▶ Records for the exercise

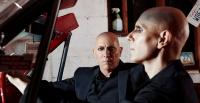 Dave Hill Joins A Perfect Circle’s Australia and New Zealand Tour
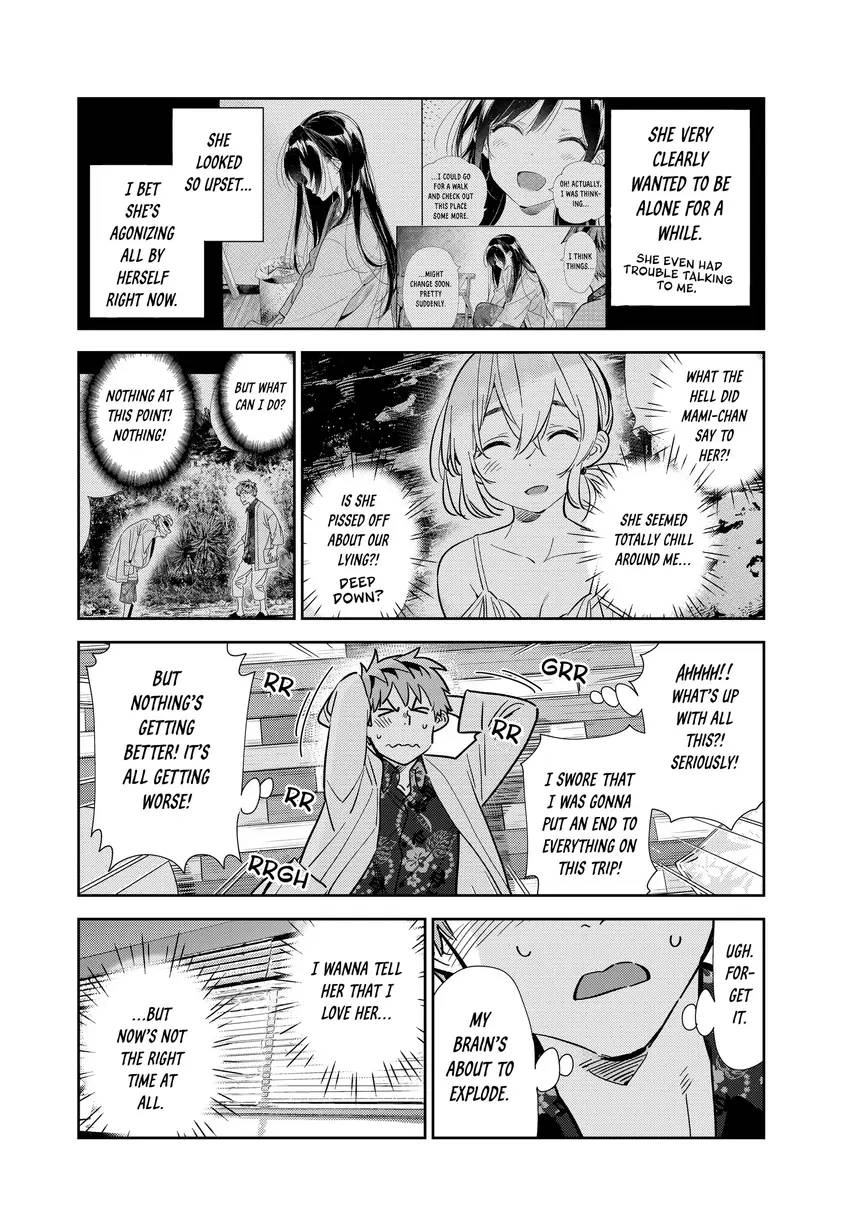 Read Kanojo, Okarishimasu chapter 0 image 167 on Lezhin
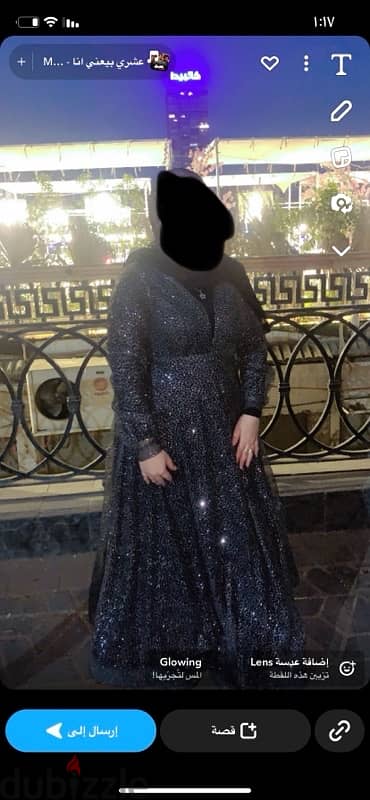 فستان سواريه زارا
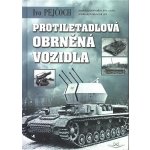 Protiletadlová obrněná vozidla - Ivo Pejčoch – Sleviste.cz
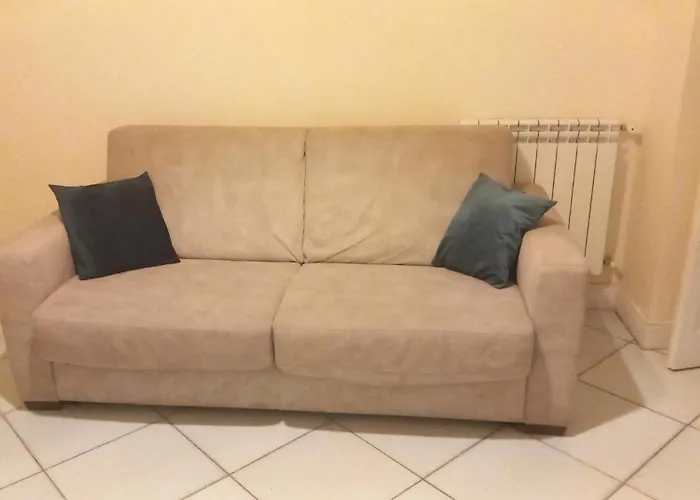 La Casa Di Elvira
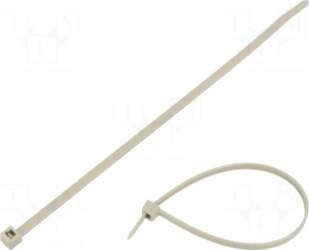 HELLERMANNTYTON Cable tie | L: 210mm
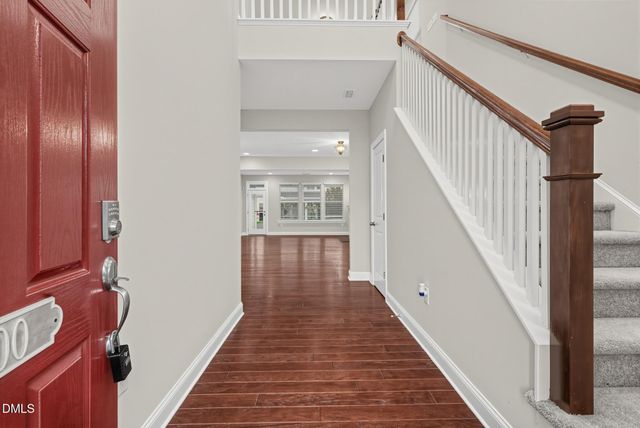 200 Begen Street, Morrisville, NC 27560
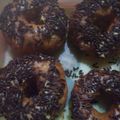 Cooksnap dari Neny Biandra untuk resep Donat Kampung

▶ Task directions
Take the line containing "La Casa Di Elvira" through the last line of the material and retype exactly those lines, both ends included, with no pictures.

▶ Your solution
 La Casa Di Elvira
 HELLERMANNTYTON Cable tie | L: 210mm
 200 Begen Street, Morrisville, NC 27560
 Cooksnap dari Neny Biandra untuk resep Donat Kampung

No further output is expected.